Kohl’s surprise quarterly profit comes after multiple quarters of disappointing sales and a sinking stock price. Last year, the retailer became a target for activist investors Ancora Holdings and Macellum Capital, which pushed the company to oust its then-CEO Michelle Gass and shake up its board. Kohl’s also discussed and then ended a bid last year to sell its business to Vitamin Shoppe owner Franchise Group.

Since then, Kohl’s has tapped a new CEO: Tom Kingsbury, former chief executive of off-price retailer Burlington Stores. Gass, its former CEO, left to become the next leader of Levi Strauss.

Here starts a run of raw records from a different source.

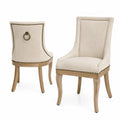 Set di 2 Sedie in Legno di Quercia e Tessuto Beige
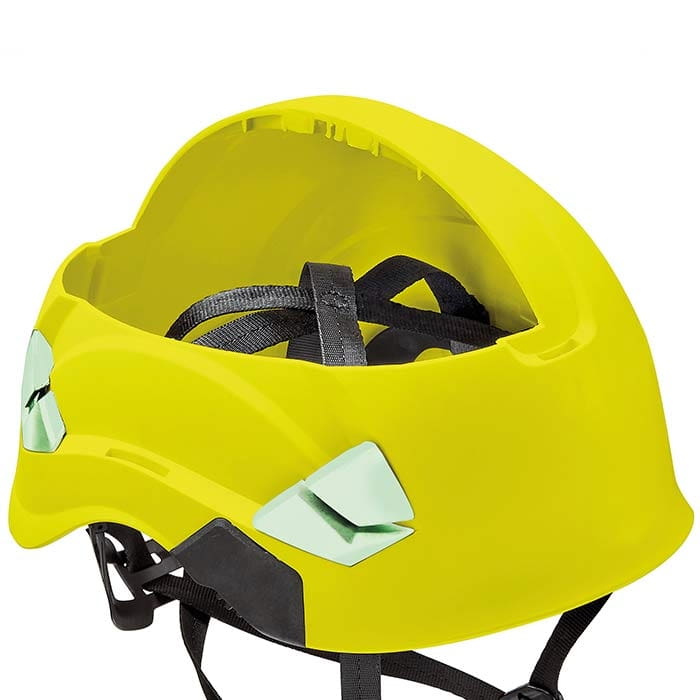 Petzl Vertex Vent Hi-Viz Helmet in Yellow from the Back with Black Straps and Reflective White Stickers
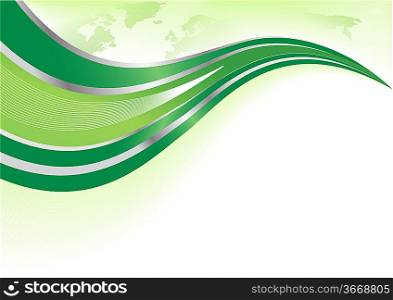 ""Vector green background with world map; clip-art""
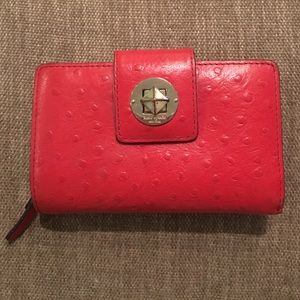 Kate Spade red ostrich bifold wallet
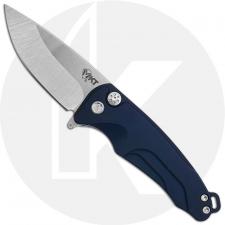Medford Smooth Criminal - Tumbled S35VN Drop Point - Blue Aluminum - Button Lock Folder - USA Made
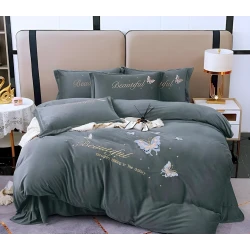 Yataq dəsti Sahara SHA-00001430, yorğan üzü 200x230 sm, mələfə 245x250 sm, yastıq üzü 50х70 sm, avro, velür, boz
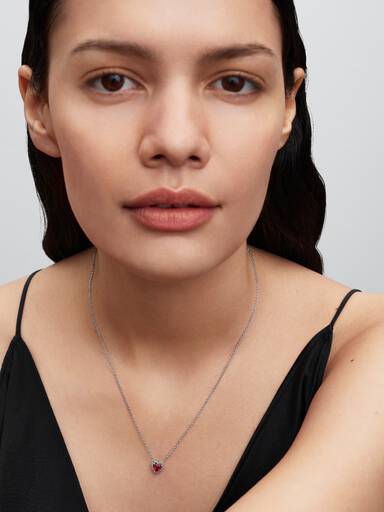 Collier à pendentif Cœur surélevé rouge
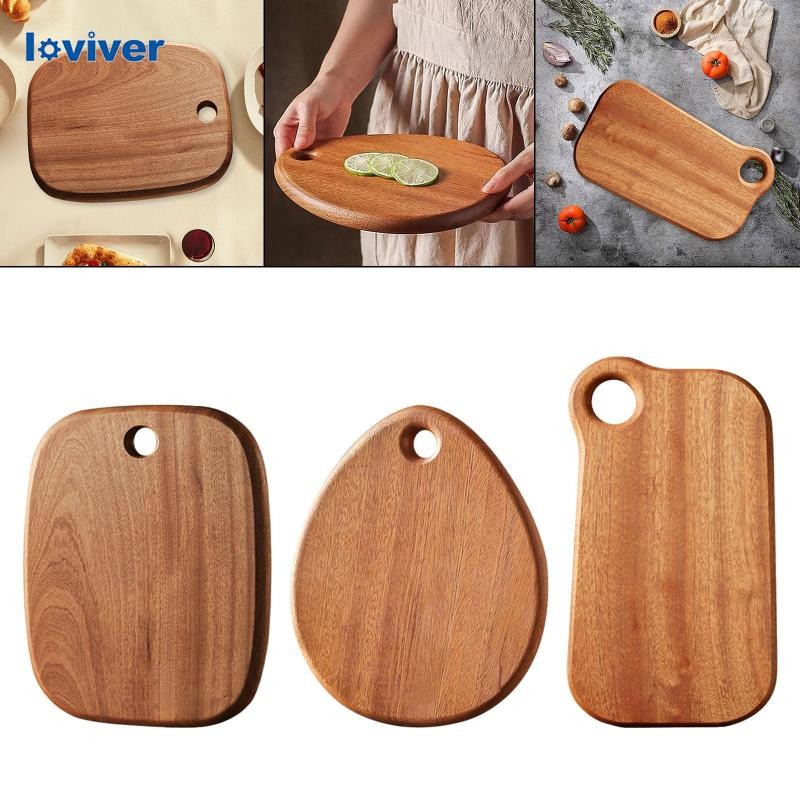 [Loviver] เขียงไม้, รอยแตกที่ราบรื่นและแบนที่มีเสถียรภาพพร้อมรูแขวนอเนกประสงค์สําหรับผักเนื้อ Plunde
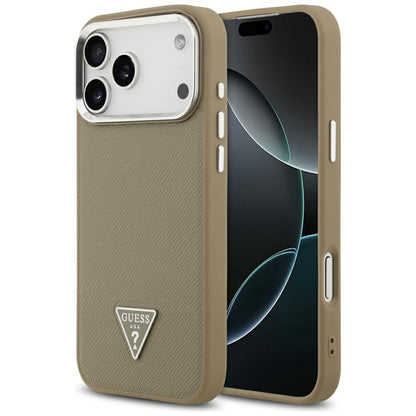 Pouzdro MagSafe pro Apple iPhone 17 Pro Max, Guess, Grained Triangle Logo, Hnědá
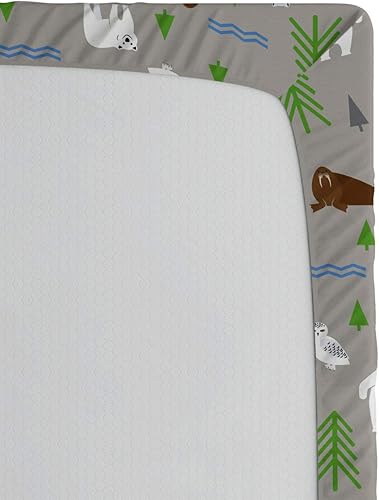 Miniatura 4 de Lunarable Forest - Sábana bajera ajustable con diseño de animales de oso polar con búho, morsa, zorro, ártico, abeto, campamento, norte, funda de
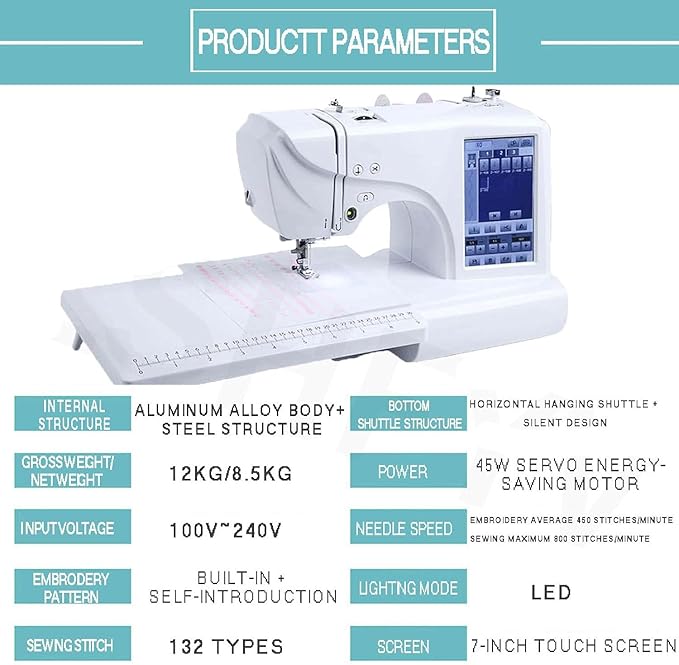 Automatic Sewing Machine Electric Embroidery Machine 158 Built-in Designs, 7" Touch Screen, Capable of Embroidering on 3D Caps, Flat, T-Shirt and More Sewing Made Easy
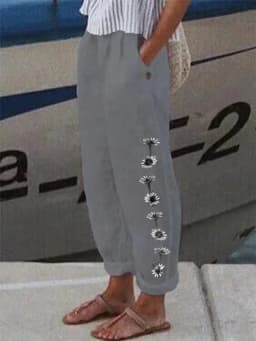 Cotton Linen Solid Women Pants Fashion New Hollow Out Pockets Ladies Casual Streetwear Office Loose Trousers Female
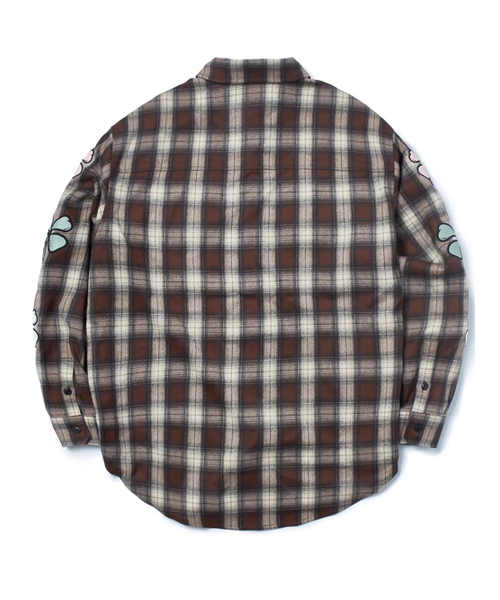 GARMENTS FAB（ガーメンツファブ）の「Lucky Clover Check Shirts (BROWN)（シャツ/ブラウス・レディース・その他・MEDIUM/LARGE）」の2枚目の写真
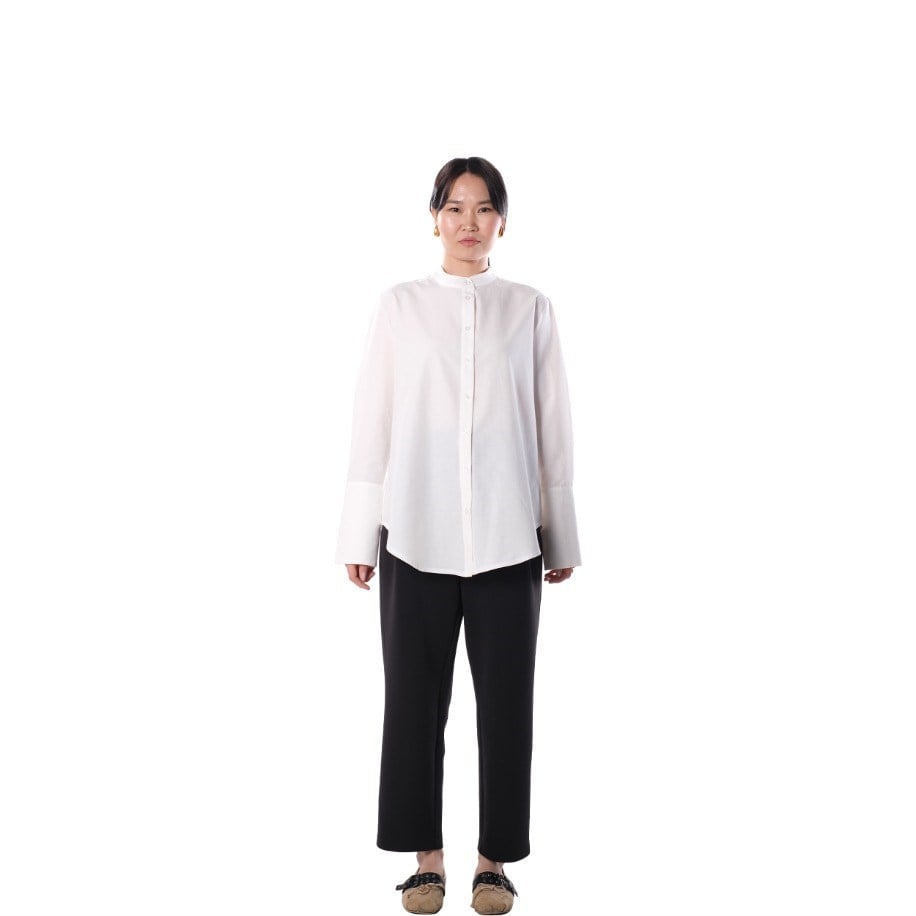 Side Button Shirt - WHİTE / GÖMLEK ( BEYAZ )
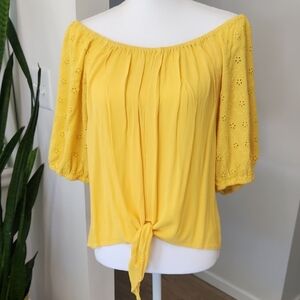 C Est. 1946 Scoop-neck Blouson-sleeve Tie-front Embroidery Top XL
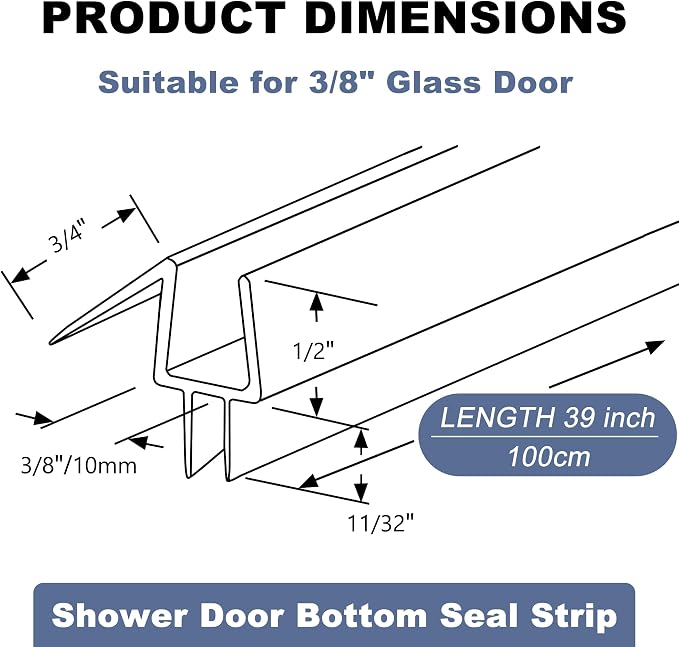 4-Pack Frameless Shower Door Bottom Seal - Image 2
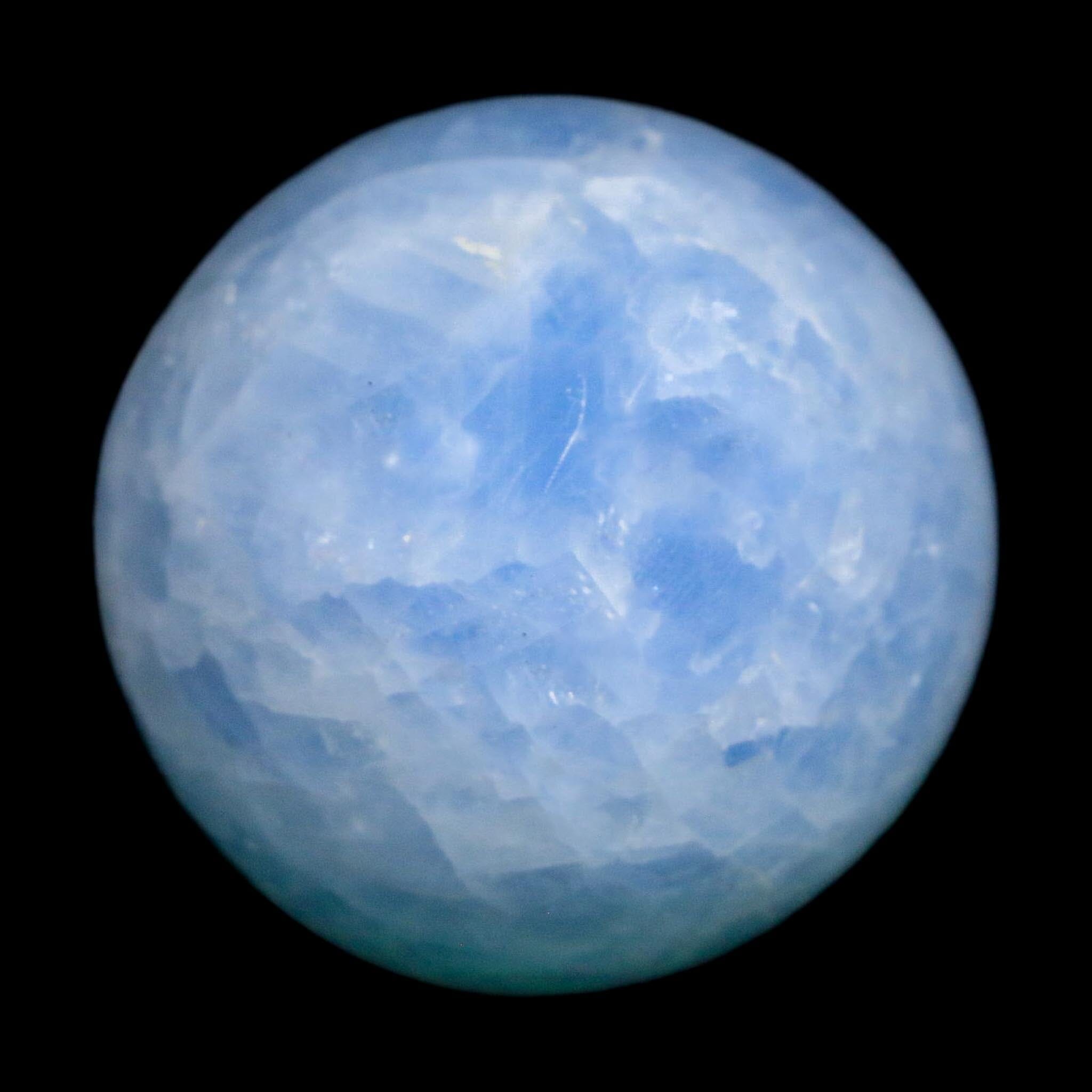 47MM Ice Blue Calcite Crystal Mineral Sphere Orb Nuevo Leon Mexico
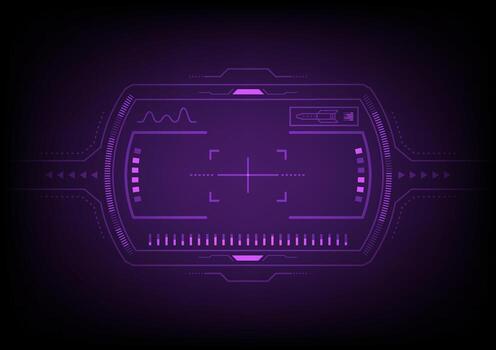Futuristic sight visualization. Technology interface display radar. Airforce digital simulation vector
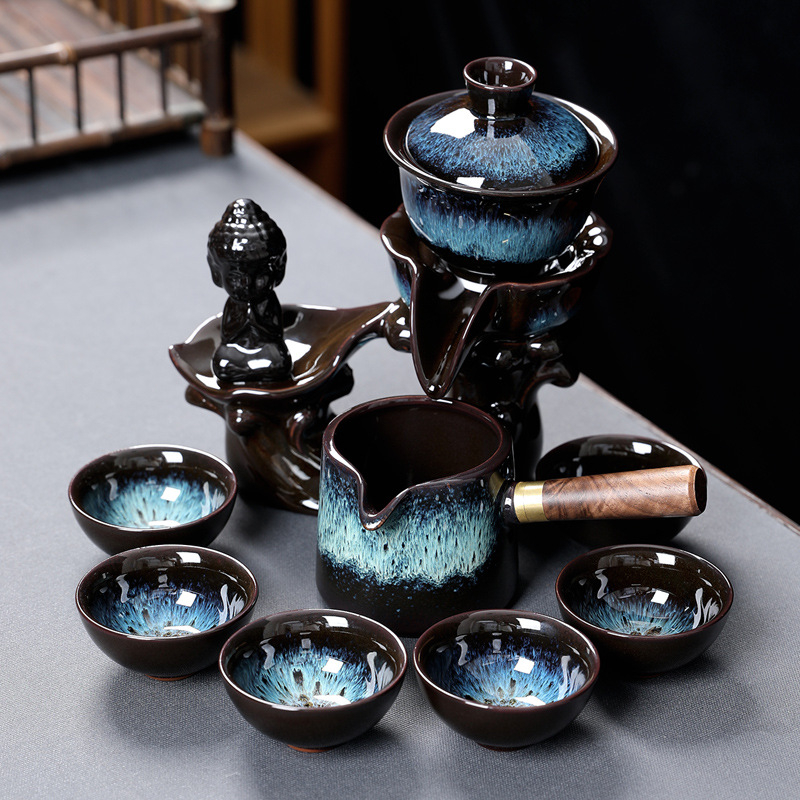 Set ceai Kung Fu din ceramică cu ceainic, cești și gaiwan pentru uz casnic și la birou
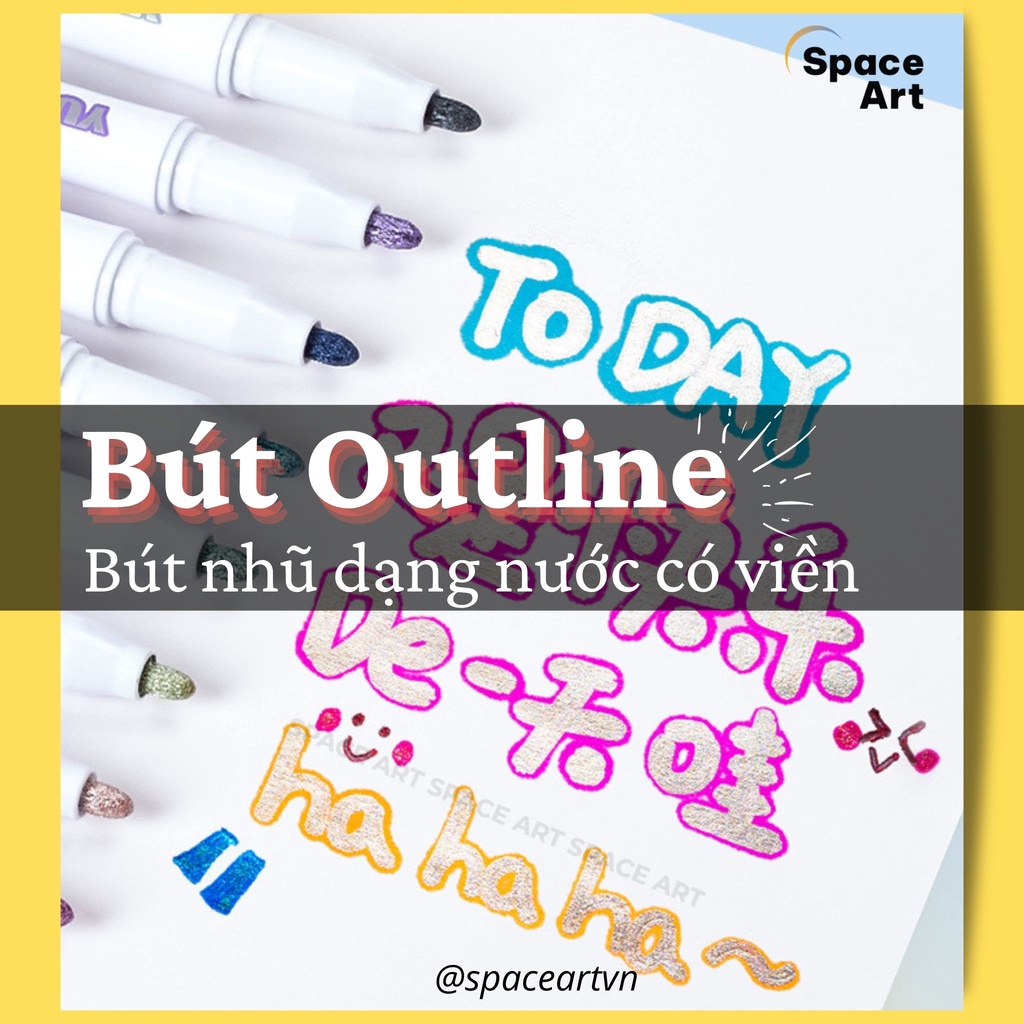 Outline Pen Highlight Marker - BAOKE Glitter Marker Pen (od)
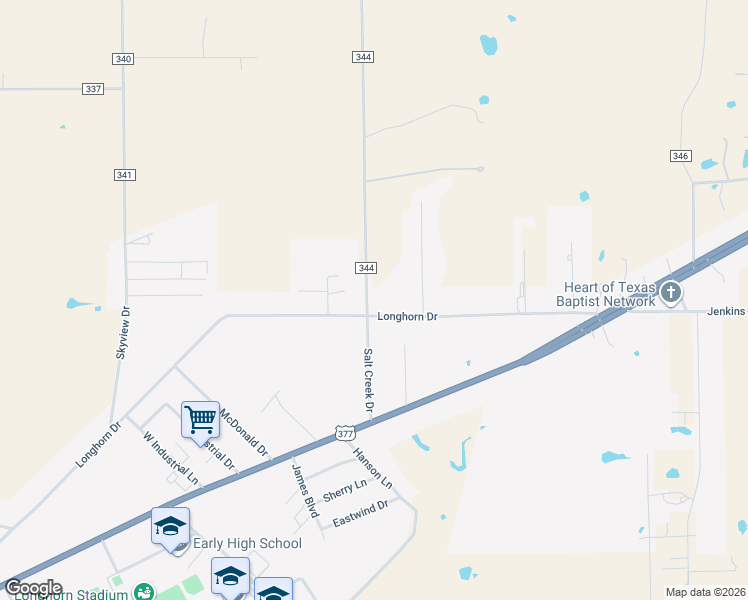 map of restaurants, bars, coffee shops, grocery stores, and more near 704 Longhorn Drive in Early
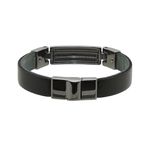 Pulseira Metalizada Laroche de Couro Masculina - Preto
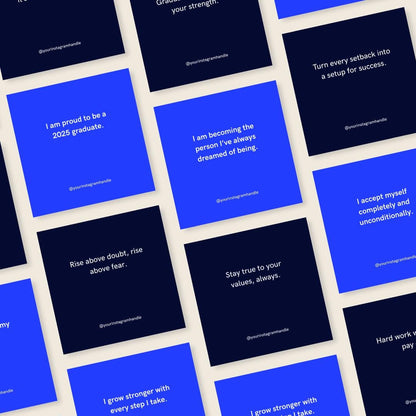 100 Graduation Quotes & Affirmations Templates: Canva Editable (Digital Download)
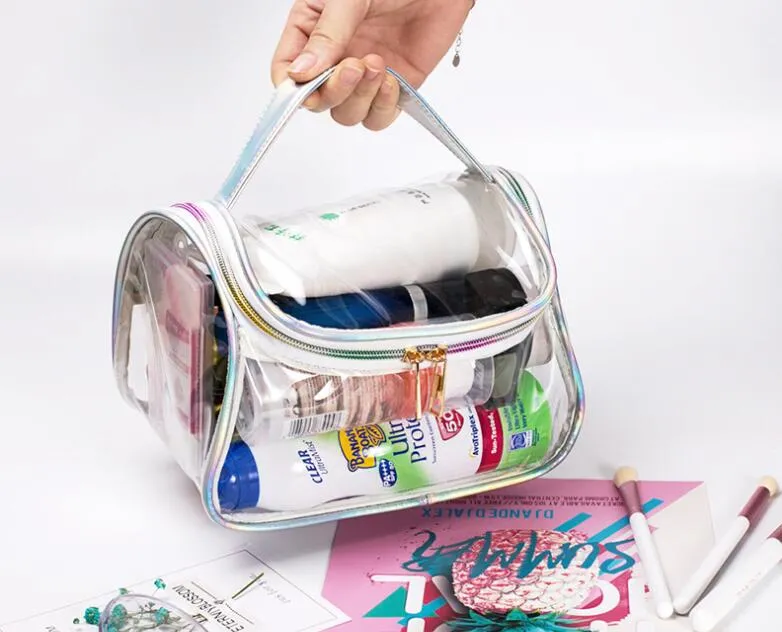 DHL 50pcs Tolietry kits Mulheres PVC transparente Multifuncional Waterproof Viagem Praia Cosmetic Bag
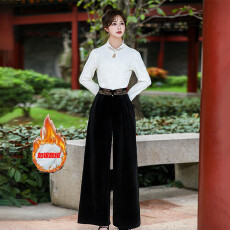 批发实拍新中式高腰丝绒休闲阔腿裤百搭黑色刺绣加厚国风盘扣长裤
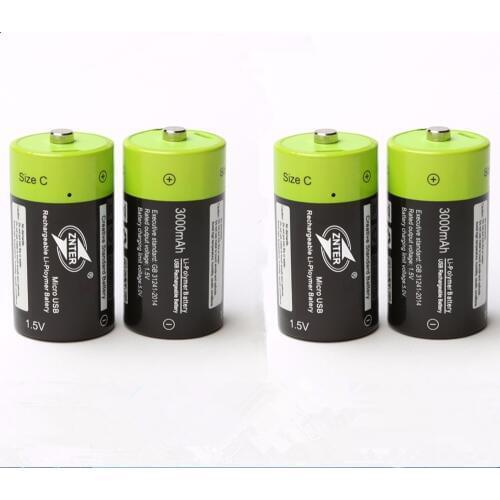 4pcs/lot ZNTER 1.5V 3000mAh rechargeable battery C size Micro USB rechargeable lithium polymer battery medical equipment battery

In more recent months, Kohl’s efforts to reinvent itself and woo shoppers have run into other obstacles. Many middle-income consumers feel squeezed by inflation and are buying fewer discretionary items, such as clothing. That contributed to a big loss in Kohl’s holiday quarter and weak outlook, which the Wisconsin-based company reiterated Wednesday.

Despite that, Kingsbury said Kohl’s made progress in the fiscal first quarter. He said the company has reduced excess inventory, attracted customers with Sephora shops and made stores more productive.

“Our first quarter results were in line with our expectations and represented a first step as we work to drive sales and earnings performance over the long-term,” he said in a news release.

Inventory declined significantly compared with the year-ago period. Kohl’s inventory was $3.5 billion at the end of the quarter, a drop of 6% year over year. Investors have closely watched those levels, since the glut of merchandise at many retailers has led to higher markdowns and lower profits.

Shares of Kohl’s closed Tuesday at $19.27. That’s less than half of its 52-high, which was $47.63. The company’s stock has tumbled nearly 23% so far this year — even as the S&P 500 has risen about 8% and the retail-focused XRT has fallen nearly 2%.